稟議が通りやすい人にはいくつかの共通点があります。
そこでこの章では、稟議が通りやすい人に共通する特徴を5つご紹介いたします。
すぐに実践できるもの、できないものありますが、意識するだけでも変わってくるので、参考にしてみて下さい。
まず1つ目の特徴は「まとめるのが上手」です。
まとめ上手な人は、「課題」「目的」などのポイントを明確にし、第三者目線で簡潔にまとめます。
手段ばかりの説明になってしまい、目的が見えていないと上手くまとめるのが難しいです。
ダラダラとした文章になってしまっていないか心配な場合は、文章や資料を作成後3日間ほど寝かし、再度読み直してみるか、第三者に読んでもらってみましょう。
2つ目は「結論ファースト」です。
1つ目でお伝えした「話を簡潔にまとめる」と似ている部分がありますが、結論を先に伝えてから裏付けとなる根拠を説明すると、スムーズに聞き手に伝わり説得力が上がります。
結論を伝える方法としては、大きく分けて2つの伝え方があります。
1つは、「今のままだと〇〇な状況に陥ってしまう」という問題提起型です。
もう1つは、「将来こう改善される」という課題改善型です。
たとえば、SFAの導入であれば「SFAで現状把握ができるようになることから、将来売上が上がります」、システムのリプレイスであれば「現システムだと属人化しておりメンテナンスが困難」というように使い分けが必要です。

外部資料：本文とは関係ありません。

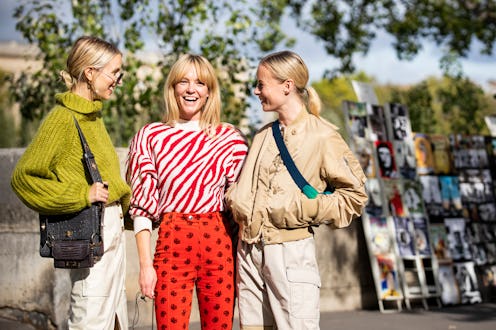 Three blond women wearing their best fashion buys for March 2020 while standing on the street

使い分けについてはかなり難しいものとなりますが、自分が承認者の立場となりどちらの方が伝わるか考えてみましょう。
3つ目は「数字を上手く使う」です。
目標やシステム導入後の効果を言葉で説明するだけでなく、具体的な数字を活用する方が説得力のある内容となります。
たとえば「売上がアップします」と言うより、「2年以内に案件件数10%アップ、売上20%アップします」と提示する方が具体性が増し、説得力アップにつながります。
現在立てている「KPI*」も交えるとシステム導入後の効果がよりわかりやすくなります。
また、円グラフや棒グラフといった視覚的に捉えられるグラフを使うのも説得力アップにつながります。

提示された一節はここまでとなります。